On top of the layered view:

  • Animated replay — watch the scanpath unfold fixation by fixation, at real or scaled speed; export it as interactive HTML or a self-playing GIF / MP4 clip for slides and papers.
  • Compare two trials — overlaid on one canvas or side-by-side (e.g. ordinary vs. information-seeking reading, first vs. repeated reading, L1 vs. L2).
  • Critical-span highlight — mark a region of interest (e.g. an answer span) by color or border to see at a glance whether it was read.
  • Out-of-text & by-line — flag fixations that land outside every word box, or color fixations by the text line they fall on.
  • Fully customizable — map any field to color, size, or axes; set the plot background (white or a neutral gray); every toggle, palette, and scale is independent.

Two readers of the same paragraph, animated on a shared real-time clock

Overlay a second reading to compare two readers of the same text on a shared real-time clock.


The four tabs

Tab What's there
Interactive Plot The layered scanpath view, trial picker (by trial / text / participant), trial metadata, and two-trial comparison.
Animated Scanpath Frame-by-frame replay; each frame lasts the actual fixation duration ÷ playback speed. Export as interactive HTML, GIF, or MP4.
Raw Data Paginated word, fixation, and raw-gaze tables, each with CSV + Parquet download.
Data Statistics Summary stats (mean fixation duration, saccade amplitude, regression rate, reading speed), a fixation-duration distribution, and a per-word reading-measure bar plot.

The Scanpath Studio app


Reading measures from raw fixations

If your data only carries raw fixations, the app computes the canonical per-word measures itself (pre-aggregated EyeLink columns, if present, take precedence):

Measure Definition
FFD — first fixation duration duration of the first fixation to land on the word
FPRT / gaze duration sum of fixations from first entry until the eye first leaves
RPD / go-past time sum of fixations from first entry until the eye first moves past the word
TFD / dwell sum of all fixations on the word
fixation count, skip, regression in/out, saccade amplitude standard reading-research flags and counts

Definitions follow Rayner (1998) and Inhoff & Radach (1998).


Triage your trials

Filter the trial pool by condition — information-seeking Hunting vs. ordinary Gathering reading, difficulty, first vs. repeated reading, answer correctness — or by your own annotations.

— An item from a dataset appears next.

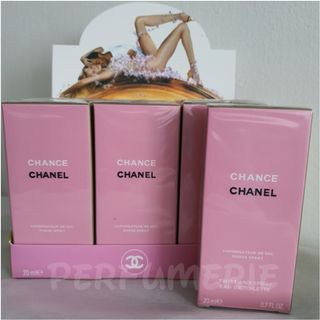 (Category: ) located in . Submitted by perfumerie_par (Listing ID 1033083507, Image 1). Description: .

Star favorites, tag trials (e.g. "To exclude"), and jot per-trial notes; download everything as a JSON sidecar and restore it in a later session.


Your data

Upload CSV, TSV, Parquet, or Feather tables for words/AoIs, fixations, and (optionally) raw gaze. Columns are auto-detected from common EyeLink, Gazepoint, and snake-case conventions; a sidebar Column mapping panel lets you override any guess. No single column uniquely identifies a trial? Map Trial ID to several columns (e.g. participant + paragraph + repeated reading) and a combined unique trial ID is built on the fly.

Areas of interest come straight from your word boxes — given as (x, y, width, height) or EyeLink's IA_LEFT/RIGHT/TOP/BOTTOM — the app never invents them. Fixations are tied to words by bounding-box containment (with a small nearest-word fallback); fixations that miss every box are flagged out-of-text.

Real corpora come in many shapes, so the loader bends to fit:

  • One file per participant or text. Drop in several files at once (or pass a glob / list of paths to the API and CLI) and they're concatenated, with each row tagged by its source_file so filename-encoded metadata isn't lost.
  • Only one report. Have just an interest-area report, or just fixations? Load either one alone — the missing layer is simply skipped, and a words-only table still draws a heatmap from its own pre-aggregated reading measures.
  • Stimulus-level AoIs. Word boxes given once per text (no participant column) are broadcast across every reader of that text.
  • Fixations as word/AoI sequences. No pixel coordinates, only "which word"? Fixations are placed at the matching word-box centers (or, for character-level AoIs like PoTeC's, at the fixated character's box).

PoTeC (Potsdam Textbook Corpus — 75 readers × 12 German textbook texts, one fixation file per reading and stimulus-level AoIs) loads as a worked example of all four:

import scanpath_studio as sps

words, fixations = sps.load_potec("data/PoTeC", download=True)   # ~45 MB on first call
fig = sps.plot_scanpath(words, fixations, "0", "b0", canvas_size=(1680, 1050))

or scanpath-studio render --potec data/PoTeC -p 0 -t b0 -o potec.png.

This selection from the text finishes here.